When copying the data below, keep only the lines from the one with "ЗУБР Термит-3, 125" through the one with "GOGO TALES Gradual", word for word, and skip the pictures.

== Data records ==
:::

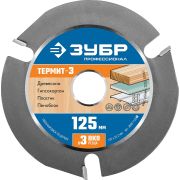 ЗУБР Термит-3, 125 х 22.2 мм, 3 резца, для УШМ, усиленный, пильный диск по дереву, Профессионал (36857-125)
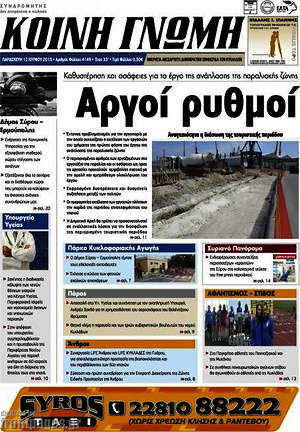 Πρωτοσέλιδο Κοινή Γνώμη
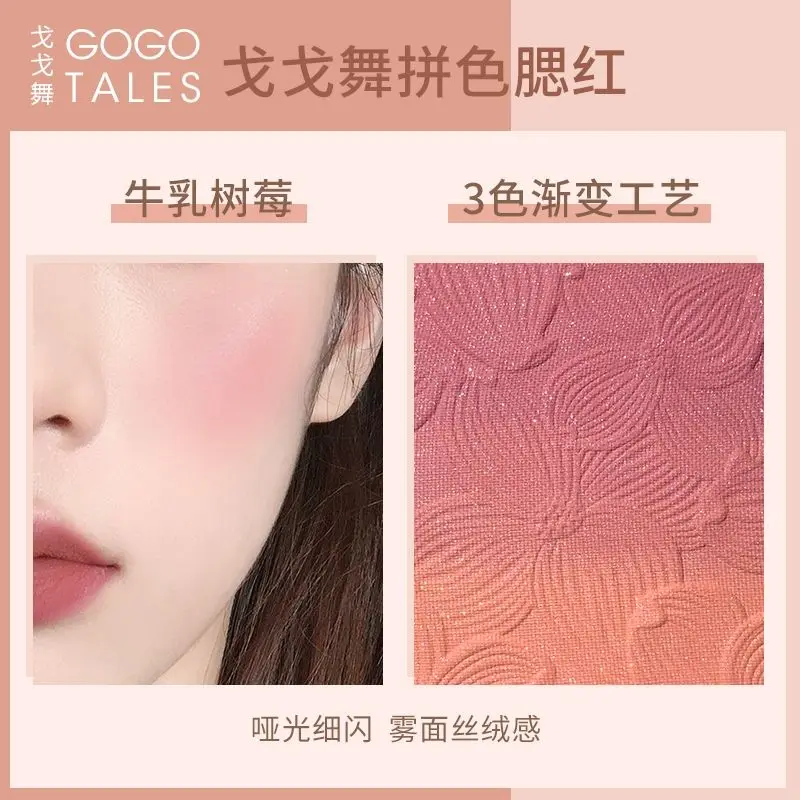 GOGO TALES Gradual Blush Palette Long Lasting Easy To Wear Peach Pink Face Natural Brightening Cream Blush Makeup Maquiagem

:::

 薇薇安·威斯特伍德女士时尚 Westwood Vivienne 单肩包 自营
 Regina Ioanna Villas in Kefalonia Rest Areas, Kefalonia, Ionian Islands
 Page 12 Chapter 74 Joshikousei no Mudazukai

:::

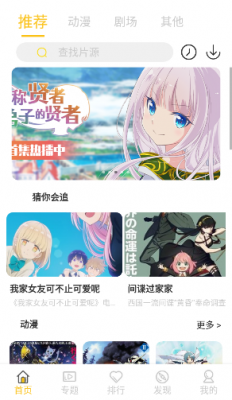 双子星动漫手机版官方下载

:::

== Solution below ==
 ЗУБР Термит-3, 125 х 22.2 мм, 3 резца, для УШМ, усиленный, пильный диск по дереву, Профессионал (36857-125)
 Πρωτοσέλιδο Κοινή Γνώμη
 GOGO TALES Gradual Blush Palette Long Lasting Easy To Wear Peach Pink Face Natural Brightening Cream Blush Makeup Maquiagem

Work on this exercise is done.